Tom Pelissero of ESPN 1500 Twin Cities chats with Seahawks quarterback Tarvaris Jackson, who is in Minnesota at Larry Fitzgerald’s annual offseason workouts. Pelissero asked Jackson about the competition at the team’s quarterback position, to which Jackson responded, “You only know what coaches tell you. Coaches have been pretty straightforward about the competition. It’s all you can ask. Just let me know where I stand. That’s all you can really ask for — know the truth and let the best man win.” Pelissero also noted that Seattle running back Leon Washington and wide receivers Ricardo Lockette and Golden Tate joined Jackson at the Fitzgerald workouts.

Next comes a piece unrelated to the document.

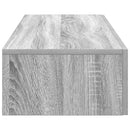 væghylde med skuffer 60x26,5x15cm konstrueret træ grå sonoma-eg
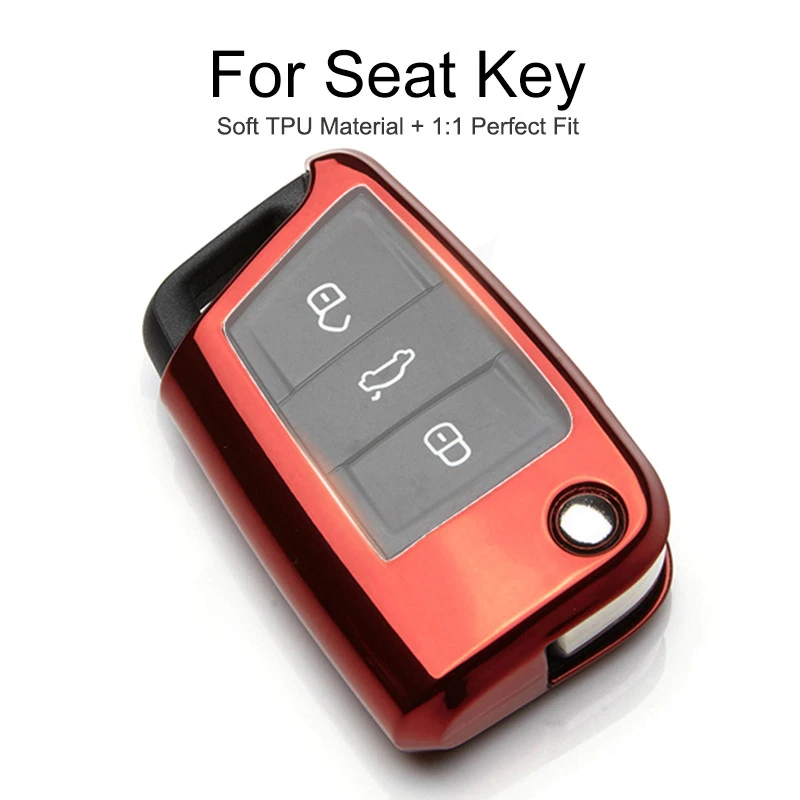 Tpu Car Key Cover Case For Seat Arona Leon 2 Mk2 Mk3 St Toledo Alhambra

Over at SI.com, Chris Burke breaks down the Seahawks offseason. Burke points to the competition at quarterback, the health of the offensive line and the development of first round draft pick DE Bruce Irvin as three things to watch going forward, as he offers up a season outlook, “Because the Seahawks were more or less out of the playoff picture by the 2011 season’s midpoint, they kind of flew under the radar late. Which means that a lot of people now fail to grasp how close this team was to contending. Assuming one of the QBs steps up, the offensive line stays upright and someone — anyone — breaks through at wide receiver (don’t count Seattle out as a player for WR Josh Gordon in the supplemental draft), the offense could be pretty solid. The defense has question marks at linebacker with [Barrett] Ruud, K.J. Wright and Leroy Hill expected to start, but the front four and secondary are stout. Carroll may need one more year to fully implement his plan, but Seattle is on the upswing.”